University of Illinois at Chicago learning scientist Susan R. Goldman has been elected to the American Academy of Arts and Sciences, one of the nation’s most prestigious honorary societies and research centers.

Goldman, co-director of the UIC Learning Sciences Research Institute and distinguished professor of liberal arts and sciences, psychology and education, is one of more than 200 new members to join the group that includes world leaders in academia, business, government and public affairs.

Goldman, who was recognized for more than three decades of influential research on subject matter learning, instruction, assessment, and roles for technology, particularly in literacy and mathematics, is joined in the academy’s 2019 new member cohort by accomplished individuals from various disciplines, including former First Lady Michelle Obama, author Jonathan Franzen, poet and Andrew W. Mellon Foundation president Elizabeth Alexander, and Purdue University president and former Indiana Governor Mitch Daniels.

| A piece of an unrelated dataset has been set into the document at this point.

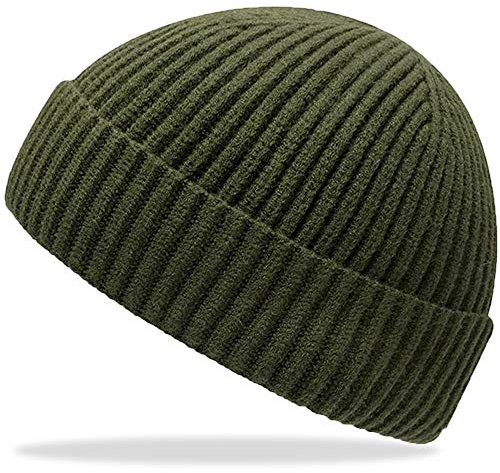 Furwabo Trawler Beanie Watch Hut Aufrollen Edge,Winter Warme Strickmützen Fischer Unisex(Army Green)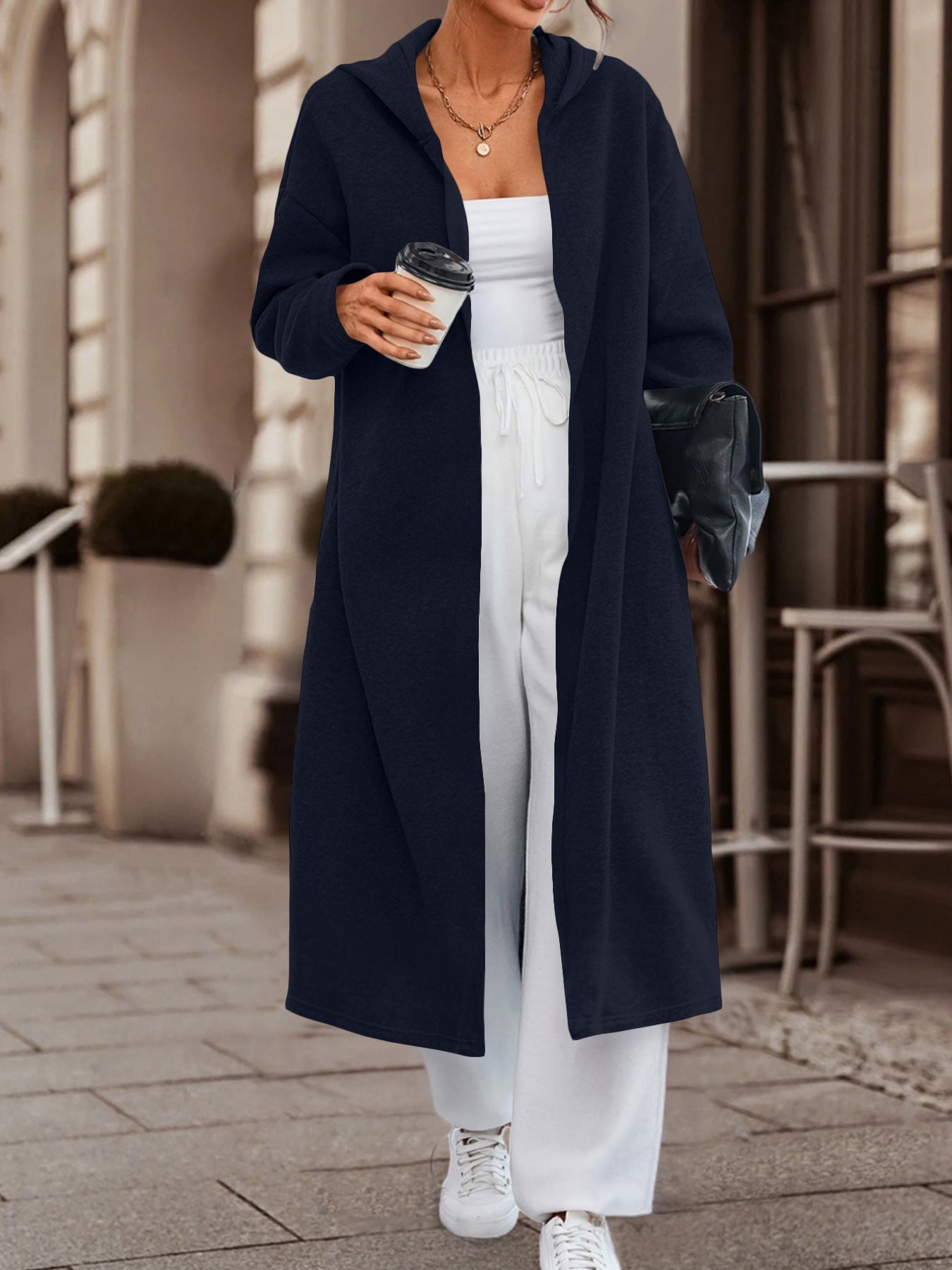 Long Cardigan Jacket with Versatile Colors and Cozy Fabric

Her work has focused on helping educators and education researchers understand the learning process and the creation of curriculum, teaching and technological innovations that foster improved learning for children and adults.

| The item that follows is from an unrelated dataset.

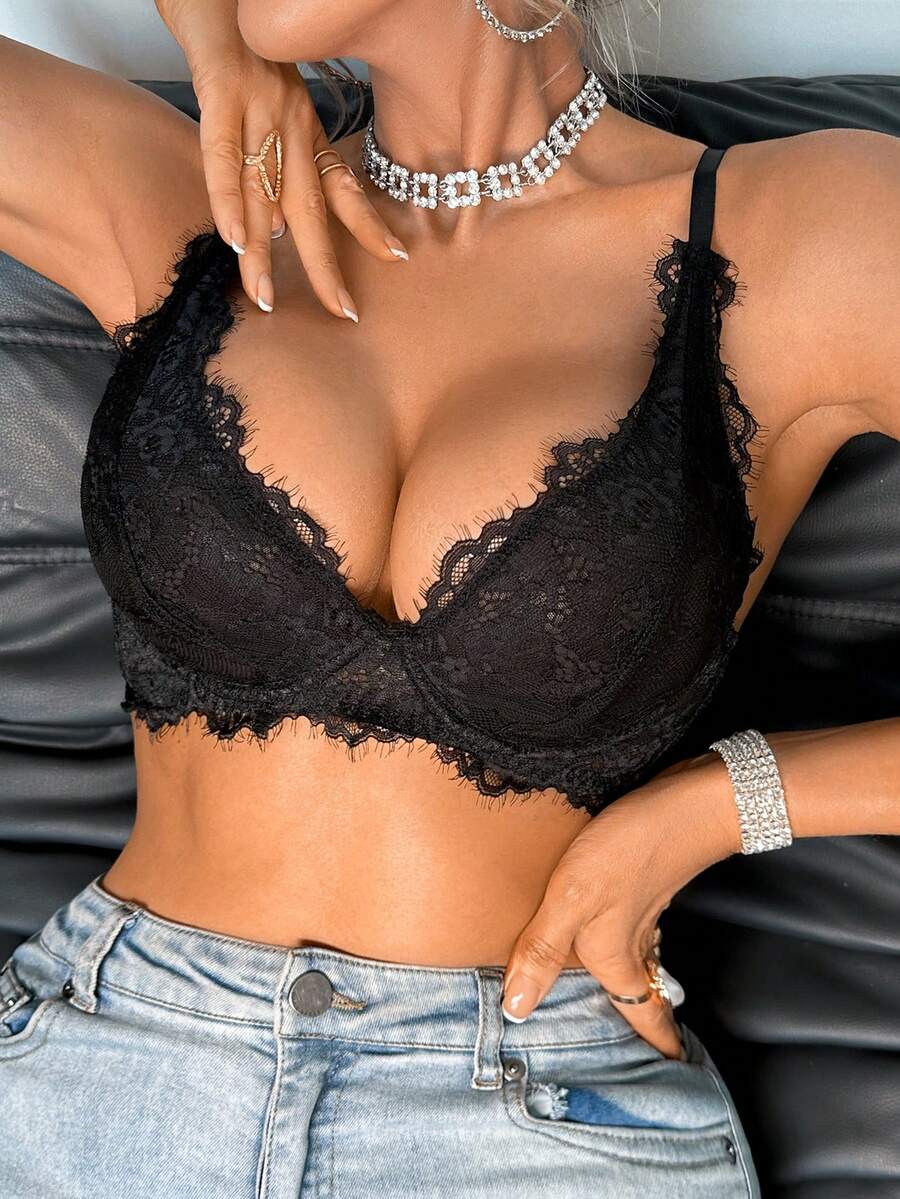 1件女士性感蕾丝深V钢圈文胸，轻盈舒适 - 黑色 - 查看 1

From algebra to literacy, Goldman’s research seeks to build high-quality strategies that prepare students to meet challenges in college, the workplace and life. Much of her work also centers on creating professional development resources for teachers.

“My work has benefited enormously from the many collaborations I’ve been part of,” Goldman said. “These have involved university-based researchers and students in multiple disciplines, educational practitioners and their students. These have been richly rewarding learning experiences for me.”

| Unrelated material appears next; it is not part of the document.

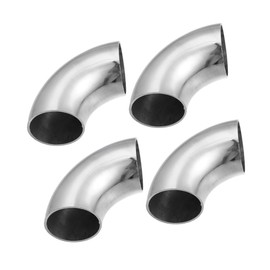 A ABSOPRO 4pcs OD 1.5 Inch 90 Degree Mandrel Bend Elbow SS304 Stainless Steel Bend Tube Exhaust Elbow Pipe for Car Exhaust System 1.5" Piping Silver Tone Item Replacement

Funded by a $2.5 million grant by the James S. McDonnell Foundation, she is principal investigator for a current project that focuses on instruction and classroom discussion that promotes critical inquiry, deep reading and reasoning on the part of students in science, mathematics and literature/literary reading.

As a research and development partner in a $10 million math literacy project funded by the U.S. Department of Education, Goldman co-led a team of UIC experts that collaborated on the redesign and testing of the Connected Mathematics Project, a widely used middle school mathematics curriculum.

Backed by a $19.2 million Department of Education grant, she led a multi-institution research team in the design, development and implementation of the Project READI instructional approach to reading for understanding in science, history and literature. The work impacted students in middle school and high school, as well as their teachers.

In 2001, Goldman came from Vanderbilt University to UIC, where she later co-founded the Learning Sciences Research Institute, an interdisciplinary center that seeks to identify and find solutions for critical challenges in education, literacy, mathematics, science and the social sciences.

She is a member of the National Academy of Education and a fellow of the American Educational Research Association. She was honored for her outstanding research with the Society for Text and Discourse’s 2017 Distinguished Scientific Contribution Award.

Goldman will be inducted with the new class during a ceremony in October 2019 in Cambridge, Massachusetts.

Founded by John Adams, John Hancock, James Bowdoin and others in 1780, the academy is one of the country’s oldest learned societies and independent policy research centers, convening leaders from the academic, business and government sectors to respond to the challenges facing the nation and the world.

Earlier notable inductees include Benjamin Franklin (elected 1781) and Alexander Hamilton (1791) in the 18th century; Ralph Waldo Emerson (1864), Maria Mitchell (1848) and Charles Darwin (1874) in the 19th century; Albert Einstein (1924), Robert Frost (1931), Margaret Mead (1948), Milton Friedman (1959) and Martin Luther King, Jr. (1966) in the 20th century; and more recently, Antonin Scalia (2003), Michael Bloomberg (2007), John Lithgow (2010), Judy Woodruff (2012) and Bryan Stevenson (2014).